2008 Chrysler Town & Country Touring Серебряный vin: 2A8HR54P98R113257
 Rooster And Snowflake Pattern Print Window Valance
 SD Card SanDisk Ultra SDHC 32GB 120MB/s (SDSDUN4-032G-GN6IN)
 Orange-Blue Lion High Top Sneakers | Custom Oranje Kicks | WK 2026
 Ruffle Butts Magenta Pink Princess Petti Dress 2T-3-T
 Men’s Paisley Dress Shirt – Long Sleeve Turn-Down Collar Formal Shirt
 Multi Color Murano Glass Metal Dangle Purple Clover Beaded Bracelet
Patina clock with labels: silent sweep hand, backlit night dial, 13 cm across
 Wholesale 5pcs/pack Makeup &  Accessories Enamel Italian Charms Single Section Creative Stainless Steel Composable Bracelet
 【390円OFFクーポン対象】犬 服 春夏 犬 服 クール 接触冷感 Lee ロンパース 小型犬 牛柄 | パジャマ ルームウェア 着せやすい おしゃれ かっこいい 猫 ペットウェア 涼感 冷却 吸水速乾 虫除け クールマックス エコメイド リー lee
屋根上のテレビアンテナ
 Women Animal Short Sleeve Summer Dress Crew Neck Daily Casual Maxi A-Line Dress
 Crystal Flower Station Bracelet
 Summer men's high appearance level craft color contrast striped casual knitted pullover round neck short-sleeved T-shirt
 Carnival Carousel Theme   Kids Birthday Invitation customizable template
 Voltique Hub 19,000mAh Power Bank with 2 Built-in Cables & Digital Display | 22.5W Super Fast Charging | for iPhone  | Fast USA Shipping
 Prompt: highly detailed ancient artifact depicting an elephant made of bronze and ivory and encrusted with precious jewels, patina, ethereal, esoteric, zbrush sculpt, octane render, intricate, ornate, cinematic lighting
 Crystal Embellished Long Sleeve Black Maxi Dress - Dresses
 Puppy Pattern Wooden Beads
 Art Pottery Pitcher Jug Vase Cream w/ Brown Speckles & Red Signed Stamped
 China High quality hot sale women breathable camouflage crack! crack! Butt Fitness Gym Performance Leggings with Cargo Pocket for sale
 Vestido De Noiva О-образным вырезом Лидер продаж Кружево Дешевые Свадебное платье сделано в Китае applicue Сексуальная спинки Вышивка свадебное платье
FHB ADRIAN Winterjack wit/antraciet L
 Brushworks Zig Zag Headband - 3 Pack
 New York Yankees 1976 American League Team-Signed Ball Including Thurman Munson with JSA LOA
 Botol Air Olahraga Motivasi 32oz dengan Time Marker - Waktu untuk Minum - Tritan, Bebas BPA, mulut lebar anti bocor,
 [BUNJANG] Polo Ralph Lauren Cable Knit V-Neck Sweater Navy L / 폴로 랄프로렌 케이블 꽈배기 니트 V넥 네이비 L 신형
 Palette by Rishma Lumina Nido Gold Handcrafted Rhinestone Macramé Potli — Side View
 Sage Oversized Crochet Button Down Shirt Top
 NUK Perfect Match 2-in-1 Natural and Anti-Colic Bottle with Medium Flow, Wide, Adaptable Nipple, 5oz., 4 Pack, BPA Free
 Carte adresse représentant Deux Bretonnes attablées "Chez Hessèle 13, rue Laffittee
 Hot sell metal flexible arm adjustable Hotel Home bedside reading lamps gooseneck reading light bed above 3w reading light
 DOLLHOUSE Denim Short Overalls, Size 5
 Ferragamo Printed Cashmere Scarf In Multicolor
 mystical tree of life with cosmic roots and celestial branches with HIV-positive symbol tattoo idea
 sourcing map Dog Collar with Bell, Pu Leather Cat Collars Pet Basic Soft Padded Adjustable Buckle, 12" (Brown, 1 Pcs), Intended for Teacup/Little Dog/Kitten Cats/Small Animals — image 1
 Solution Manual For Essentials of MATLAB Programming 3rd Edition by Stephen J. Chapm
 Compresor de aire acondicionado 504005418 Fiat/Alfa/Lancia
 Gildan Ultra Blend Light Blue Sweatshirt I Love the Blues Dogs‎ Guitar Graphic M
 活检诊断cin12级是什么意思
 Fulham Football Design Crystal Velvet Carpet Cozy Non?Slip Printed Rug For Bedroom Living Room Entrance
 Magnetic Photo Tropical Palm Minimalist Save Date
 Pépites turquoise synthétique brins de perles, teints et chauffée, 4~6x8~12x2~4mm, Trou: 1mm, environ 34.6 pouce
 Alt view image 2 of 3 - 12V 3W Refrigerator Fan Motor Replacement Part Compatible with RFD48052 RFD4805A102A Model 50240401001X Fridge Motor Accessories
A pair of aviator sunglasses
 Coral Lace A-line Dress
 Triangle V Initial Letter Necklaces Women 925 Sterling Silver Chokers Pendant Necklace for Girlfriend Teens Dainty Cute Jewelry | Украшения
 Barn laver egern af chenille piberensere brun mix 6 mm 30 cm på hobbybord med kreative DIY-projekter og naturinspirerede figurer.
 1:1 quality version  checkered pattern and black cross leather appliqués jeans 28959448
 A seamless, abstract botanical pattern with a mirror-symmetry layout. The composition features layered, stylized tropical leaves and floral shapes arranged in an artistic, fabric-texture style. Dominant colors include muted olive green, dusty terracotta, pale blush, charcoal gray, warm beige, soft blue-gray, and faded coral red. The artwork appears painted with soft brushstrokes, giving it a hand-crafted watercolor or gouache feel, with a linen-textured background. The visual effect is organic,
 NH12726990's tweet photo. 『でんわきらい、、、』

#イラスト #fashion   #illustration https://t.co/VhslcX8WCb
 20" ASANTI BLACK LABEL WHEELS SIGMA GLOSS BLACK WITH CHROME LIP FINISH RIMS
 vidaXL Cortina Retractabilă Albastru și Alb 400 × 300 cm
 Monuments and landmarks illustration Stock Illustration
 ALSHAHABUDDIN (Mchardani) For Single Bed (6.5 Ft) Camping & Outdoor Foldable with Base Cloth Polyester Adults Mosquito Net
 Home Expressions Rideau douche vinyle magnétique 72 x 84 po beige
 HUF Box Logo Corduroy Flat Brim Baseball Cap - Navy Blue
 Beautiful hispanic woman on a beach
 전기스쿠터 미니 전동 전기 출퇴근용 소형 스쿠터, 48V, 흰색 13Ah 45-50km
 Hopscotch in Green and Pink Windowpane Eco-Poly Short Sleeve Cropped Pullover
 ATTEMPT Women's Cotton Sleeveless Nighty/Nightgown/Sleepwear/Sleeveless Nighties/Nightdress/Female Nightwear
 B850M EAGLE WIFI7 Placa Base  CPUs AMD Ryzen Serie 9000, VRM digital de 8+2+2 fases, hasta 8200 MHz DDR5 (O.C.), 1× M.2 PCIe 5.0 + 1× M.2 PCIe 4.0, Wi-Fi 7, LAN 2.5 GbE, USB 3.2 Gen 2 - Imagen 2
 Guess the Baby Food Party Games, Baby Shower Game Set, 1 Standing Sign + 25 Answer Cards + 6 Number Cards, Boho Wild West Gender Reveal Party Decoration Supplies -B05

--------------------

#### [WHAT TO WORK ON]
Out of the records above, pull the lines that include the word "Crystal".

#### [OUTPUT OF THE EXERCISE]
 Crystal Flower Station Bracelet
 Crystal Embellished Long Sleeve Black Maxi Dress - Dresses
 Fulham Football Design Crystal Velvet Carpet Cozy Non?Slip Printed Rug For Bedroom Living Room Entrance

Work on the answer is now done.